Ilenia Lanari malt mit und gegen die Veränderbarkeit an. Ihre Bilder sind eine ständige Auseinandersetzung mit der Wandelbarkeit von visuellen Eindrücken, aber darüber hinaus auch von Transformationen, die im Inneren ablaufen und sichtbar gemacht werden wollen. Ihr Medium ist dabei das Wasser, das fließende Wasser und die Reflektionen von Natur und Architektur im Wasser. Dabei ist es nicht die Landschaft an sich, die sie interessiert, sie ist nur Mittel zum Zweck, sondern die optische Täuschung, die Reflexionen im Wasser und in Fensterscheiben hervorrufen, die uns bewusst machen, wie täuschend visuelle Eindrücke sind und wie unterschiedliche Wahrnehmungen wir von unserer äußeren Realität, die nur punktuell existiert, haben.
Der Blick der Künstlerin ist durch Übung geschärft, sie schaut sich die Welt anders an, nämlich mit dem Drang sie in irgendeiner Form abbilden zu wollen. Der Blick auf die äußere Wirklichkeit ist aber für jeden immer ein anderer, denn das, was er sieht, ist manipuliert von der inneren Welt, von schon Gesehenem, von Erfahrungen und auch eigenen Ansprüchen und Wünschen. Unsere Wirklichkeitsaneignung ist immer subjektiv. Diese Manipulation, die jeder Mensch der „Wirklichkeit“ gegenüber hat, wird durch die Wandelbarkeit der Natur, der Spiegelungen und Reflexionen noch verstärkt. So machen uns die Spiegelungen und Reflexionen im Wasser, in Spiegeln, in Fensterscheiben immer wieder deutlich, wie täuschend die Wirklichkeit eigentlich ist und dass es keine „eine“ Wirklichkeit gibt.

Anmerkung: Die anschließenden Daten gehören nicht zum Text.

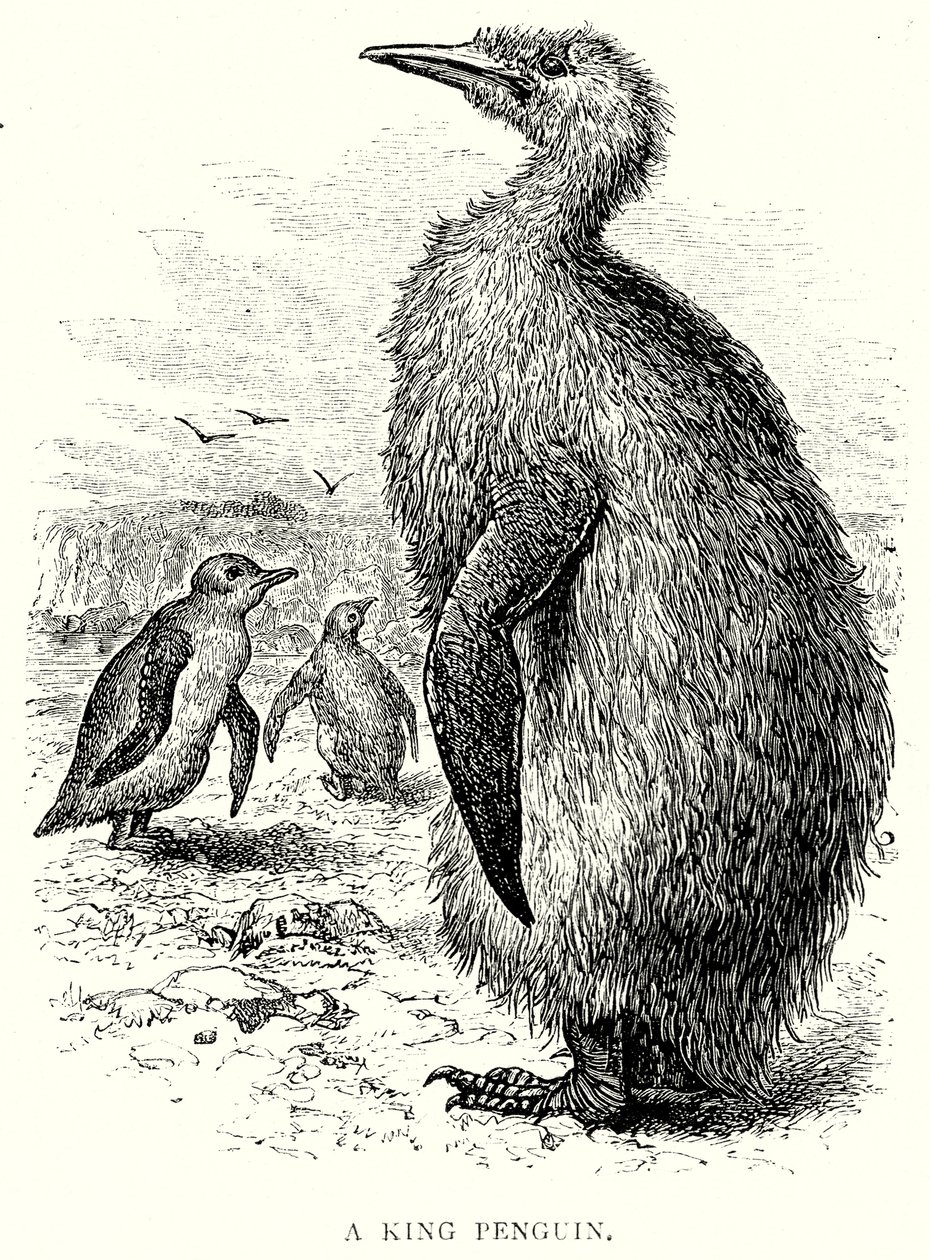 A King Penguin by English School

Der Spannungsbogen zwischen äußerer und innerer Wirklichkeit ist das Spannungsfeld, in dem sich Ilenia Lanari bewegt. Im Bewusstsein dieses Spannungsfeldes schafft sie eine interessante, rätselhafte und perspektivisch wechselnde Bildwelt, in der der Betrachter selbst mit seiner eigenen Wahrnehmung eintauchen soll. Die Kunst von Ilenia Lanari soll uns bewusst machen, wie fälschlich, wie fragil und täuschend die äußere Wirklichkeit sein kann und dass wir uns nur durch eine ständige Bewusstmachung dieser subtilen Grenze zwischen Realität und Illusion einer äußeren Wirklichkeit überhaupt näheren können. Es gibt viele, aber nie die eine Sicht auf die Dinge.